As if we needed any more evidence that solar houses can be both high-performing and beautiful, comfortable places to live, the 2009 Solar Decathlon has once again proved the point. Every other year, the U.S. Department of Energy (DOE) challenges college and university students from around the world to design, build, and operate solar-powered houses. Participants create a veritable solar village on the National Mall in Washington, D.C., pitting their creations against each other to determine which house best fuses design, optimum energy efficiency, maximum energy production, and modern comfort and conveniences.
In October 2009, student teams exhibited 20 cleverly executed concepts that rivaled the best in the business for pure innovation. Each was evaluated in 10 categories: architecture, market viability, engineering, lighting design, communications, comfort zone, hot water, appliances, home entertainment, and net metering. Every house offered a fascinating vision of the possibilities of residential solar design while addressing other key aspects of sustainability, including resource conservation. But there could only be one first place winner in the end. Thanks in large part to its perfect showing in the net metering contest, Team Germany's surPLUShome outperformed all the others, scoring 908.297 points out of a possible 1,000.

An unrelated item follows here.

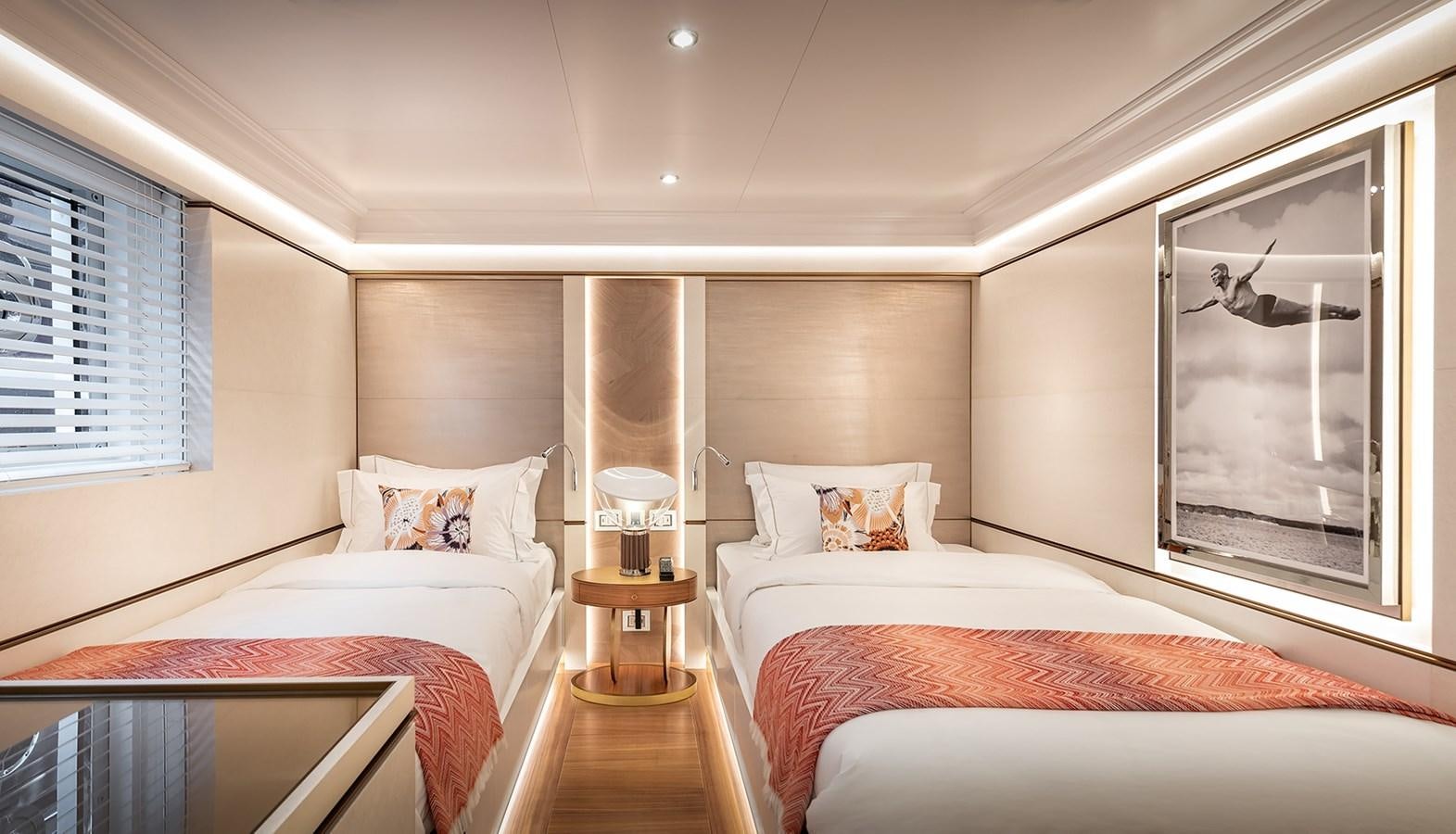 a couple of beds in a hotel room aboard M55 Yacht for Sale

The secret to the German house's success may be in its name. By integrating 250 thin-film photovoltaic panels into its exterior cladding, along with 40 photovoltaic roof panels, the team from Technische Universität Darmstadt actively pursued—and achieved—all 150 points possible in net metering by producing a large surplus of energy on even the cloudiest days. Team Germany also took third place in lighting design, tied for third place in architecture, and placed first in the comfort zone contest for maintaining a consistent indoor temperature range and relative humidity. Inside the tall, modern box, the team designed a single multifunctional room with a loft, creating a spacious interior that architecture contest judge Kevin Burke, AIA, LEED AP, of William McDonough + Partners, calls a “gracious and adaptable living space.”
The University of Illinois at Urbana–Champaign's Gable Home placed second, with an overall score of 897.3 points. Blending a traditional form with high-performance materials, a tightly sealed building envelope, and high-efficiency systems, the Gable Home accomplished an exceptionally efficient performance, placing second in net metering and winning the appliances, hot water, and home entertainment contests. Illinois' entry was truly residential in its scale and quality, Burke says, calling it “the quintessential gable home.”
Team California placed third overall, accumulating 863.089 points, top honors in the architecture and communications contests, and “top three” status in all but three contests. Students from Santa Clara University and the California College of the Arts designed the Refract House as an extruded tube bent around a courtyard—a choice that masterfully controlled both the amount and movement of light through its interior. The judges were struck by its unique form, sheer beauty, and elegance. “It was a very experientially rich design,” says architecture judge Sarah Susanka, FAIA, of Susanka Studios. “It was a wonderful example of how you can use interior views to make space feel larger.”
Since the Solar Decathlon's 2002 debut, project quality has improved with each iteration, says director Richard King. The 2009 competition—the fourth in its history—showcased a greater overall sophistication in approach, design concepts, and engineering. “The bar is raised,” King says. “The houses were uniformly better.”